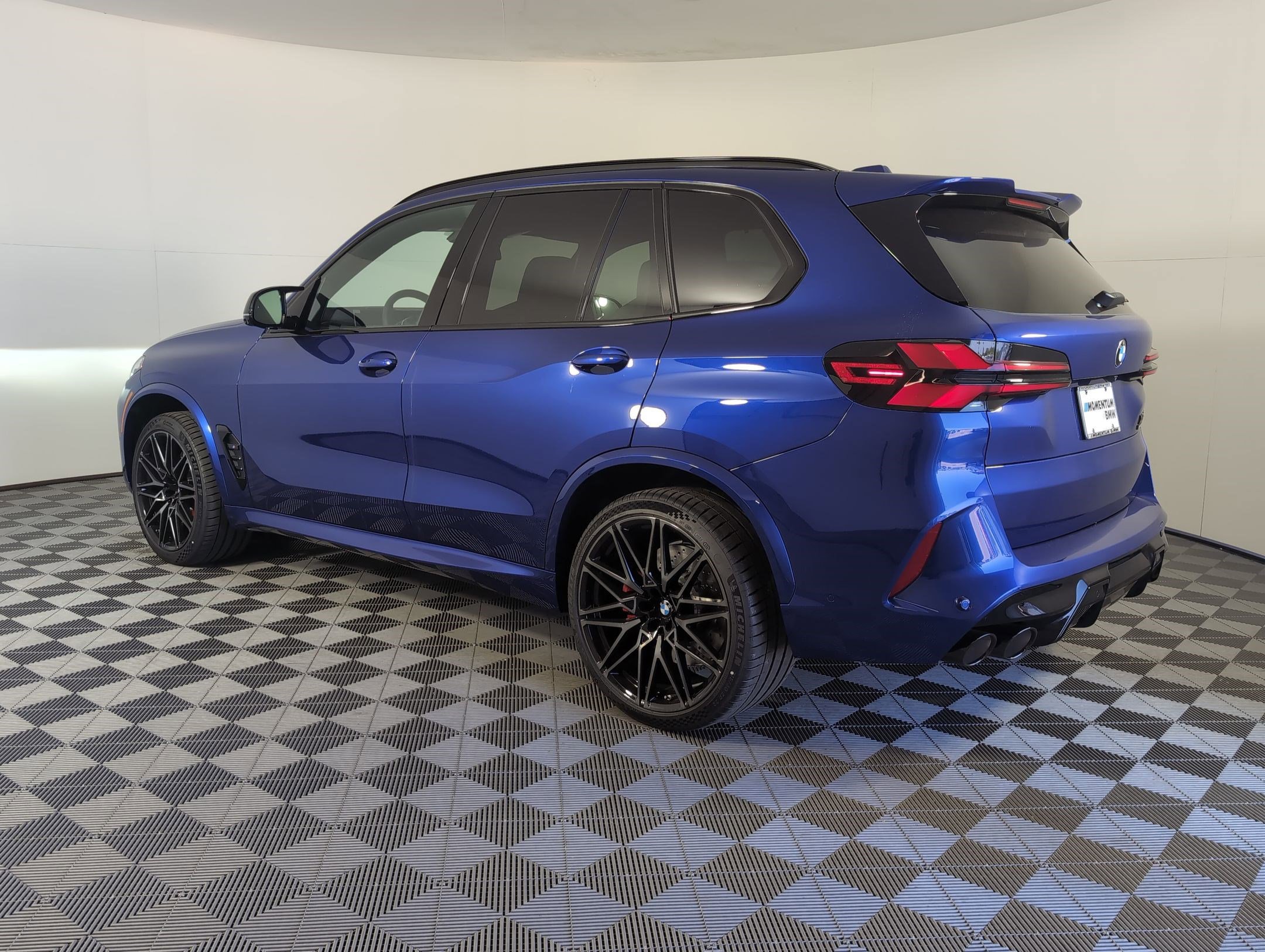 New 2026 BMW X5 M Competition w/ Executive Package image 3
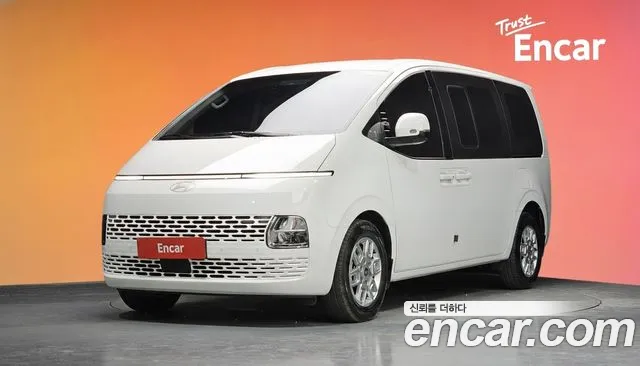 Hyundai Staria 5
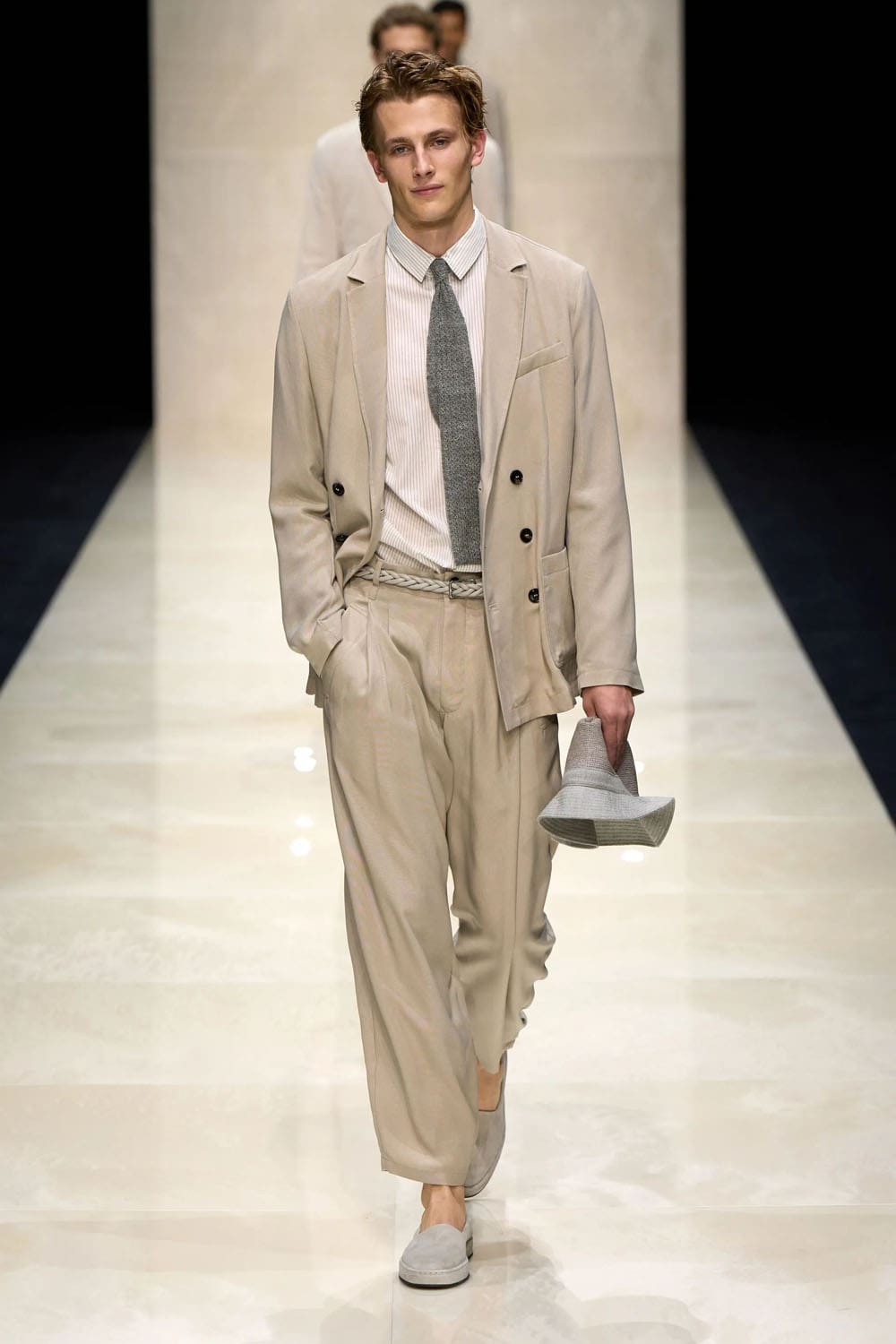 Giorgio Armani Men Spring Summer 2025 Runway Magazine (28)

--

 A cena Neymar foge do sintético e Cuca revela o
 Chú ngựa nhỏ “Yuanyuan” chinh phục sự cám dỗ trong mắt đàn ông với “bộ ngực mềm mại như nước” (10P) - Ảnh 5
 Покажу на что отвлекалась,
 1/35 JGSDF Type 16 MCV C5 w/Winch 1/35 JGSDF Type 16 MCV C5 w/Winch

Exercise aim:
After locating the line with "Покажу на что" in the material above, return it and each line after it exactly, ending at the line with "1/35 JGSDF Type 16 MCV C5 w/Winch 1/35".

Answer to the exercise:
 Покажу на что отвлекалась,
 1/35 JGSDF Type 16 MCV C5 w/Winch 1/35 JGSDF Type 16 MCV C5 w/Winch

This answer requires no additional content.